DATASET ENTRIES →
++++++++++

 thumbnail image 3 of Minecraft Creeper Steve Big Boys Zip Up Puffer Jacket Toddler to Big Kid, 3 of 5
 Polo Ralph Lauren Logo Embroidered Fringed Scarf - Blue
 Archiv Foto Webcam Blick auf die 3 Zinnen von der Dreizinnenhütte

++++++++++

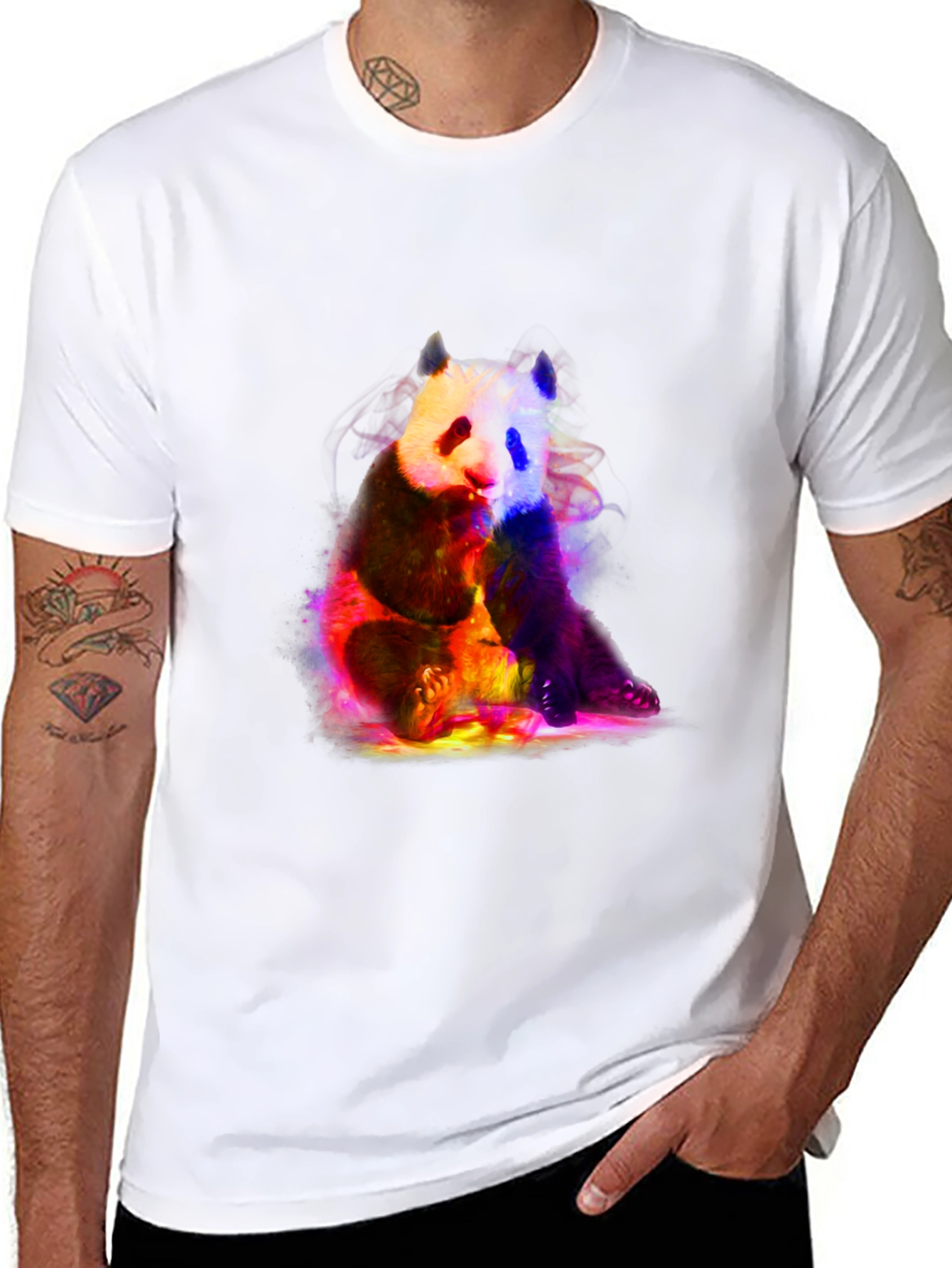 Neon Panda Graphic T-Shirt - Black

++++++++++

WHAT IS EXPECTED →
Out of the data above, give again only the lines starting at the one holding "thumbnail image 3" and ending at the one holding "Archiv Foto Webcam", unchanged.

RESULT OF THIS TASK →
 thumbnail image 3 of Minecraft Creeper Steve Big Boys Zip Up Puffer Jacket Toddler to Big Kid, 3 of 5
 Polo Ralph Lauren Logo Embroidered Fringed Scarf - Blue
 Archiv Foto Webcam Blick auf die 3 Zinnen von der Dreizinnenhütte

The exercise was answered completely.